- IATA: TRO; ICAO: YTRE;

Summary
- Airport type: Private
- Operator: Mid-Coast Council
- Location: Taree
- Elevation AMSL: 38 ft / 12 m
- Coordinates: 31°53′19″S 152°30′50″E﻿ / ﻿31.88861°S 152.51389°E
- Website: www.midcoast.nsw.gov.au

Map
- YTRE Location in New South Wales

Runways
| Direction | Length |  | Surface |
| m | ft |
| 04/22 | 1,504 | 4,934 | Asphalt |
| 12/30 | 564 | 1,850 | Brown silt clay |

Statistics (2010–11)
- Passengers: 19,250
- Aircraft movements: 3,518
- Sources: Australian AIP and aerodrome chart. Passengers and aircraft movements from BITRE.

= Taree Airport =

Airport in Taree, New South Wales, Australia

Taree Airport is an airport 3 NM northeast of the city of Taree, New South Wales, Australia. Taree is on the Mid North Coast, less than a four-hour drive from Sydney. The airport no longer maintains any scheduled services. The airport provides the community with a range of services including emergency services, medical flights, private charters, private aircraft, and air mail/courier services.

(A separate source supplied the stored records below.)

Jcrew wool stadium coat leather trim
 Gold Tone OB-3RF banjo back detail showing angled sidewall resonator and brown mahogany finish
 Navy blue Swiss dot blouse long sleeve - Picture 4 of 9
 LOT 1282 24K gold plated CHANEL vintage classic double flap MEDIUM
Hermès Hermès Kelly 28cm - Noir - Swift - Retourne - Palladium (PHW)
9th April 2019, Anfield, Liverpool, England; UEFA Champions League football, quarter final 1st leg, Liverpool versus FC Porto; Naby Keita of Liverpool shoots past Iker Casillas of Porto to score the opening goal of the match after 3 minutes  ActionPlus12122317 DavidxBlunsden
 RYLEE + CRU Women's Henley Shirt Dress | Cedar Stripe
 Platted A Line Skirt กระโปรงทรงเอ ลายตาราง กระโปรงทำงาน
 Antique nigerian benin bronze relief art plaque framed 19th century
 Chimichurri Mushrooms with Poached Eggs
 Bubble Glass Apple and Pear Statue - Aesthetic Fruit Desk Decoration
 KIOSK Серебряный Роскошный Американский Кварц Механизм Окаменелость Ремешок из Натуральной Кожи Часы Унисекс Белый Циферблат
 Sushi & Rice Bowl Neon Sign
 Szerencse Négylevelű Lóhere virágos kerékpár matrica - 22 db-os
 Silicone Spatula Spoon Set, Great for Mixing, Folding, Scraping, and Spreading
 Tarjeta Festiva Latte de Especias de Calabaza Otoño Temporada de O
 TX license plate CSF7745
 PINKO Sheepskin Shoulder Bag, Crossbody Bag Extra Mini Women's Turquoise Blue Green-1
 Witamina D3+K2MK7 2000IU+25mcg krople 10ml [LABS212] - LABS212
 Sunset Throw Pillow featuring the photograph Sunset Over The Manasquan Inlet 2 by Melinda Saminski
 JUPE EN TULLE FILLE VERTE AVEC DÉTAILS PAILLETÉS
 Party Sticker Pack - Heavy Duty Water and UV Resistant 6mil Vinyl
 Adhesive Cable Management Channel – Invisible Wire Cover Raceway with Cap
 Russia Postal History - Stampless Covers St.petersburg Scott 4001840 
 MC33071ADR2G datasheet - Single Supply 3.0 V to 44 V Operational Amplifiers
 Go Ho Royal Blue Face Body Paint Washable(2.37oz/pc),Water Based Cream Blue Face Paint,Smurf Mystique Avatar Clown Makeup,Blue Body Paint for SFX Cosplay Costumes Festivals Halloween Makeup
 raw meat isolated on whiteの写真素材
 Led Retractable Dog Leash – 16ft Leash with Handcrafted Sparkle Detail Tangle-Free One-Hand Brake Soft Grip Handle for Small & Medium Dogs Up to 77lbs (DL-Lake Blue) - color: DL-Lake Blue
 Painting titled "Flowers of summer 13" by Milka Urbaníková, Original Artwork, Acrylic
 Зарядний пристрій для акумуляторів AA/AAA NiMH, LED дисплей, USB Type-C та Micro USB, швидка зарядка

The facility is also used for defence force training and the Manning River Aero Club.

==Airport facilities==
Taree is currently set to expand the airport to provide more facilities for pilots, businesses and airlines alike, This is also expected to boost the airport's presence.

A number of businesses including aircraft manufacturers and fabricators, an aircraft restorer and a skydiving school are based at Taree Airport.

== Airlines and destinations ==

FlyPelican operated services between Taree and Sydney until July 2022, when removal of government grants and rising fuel prices made the service unviable.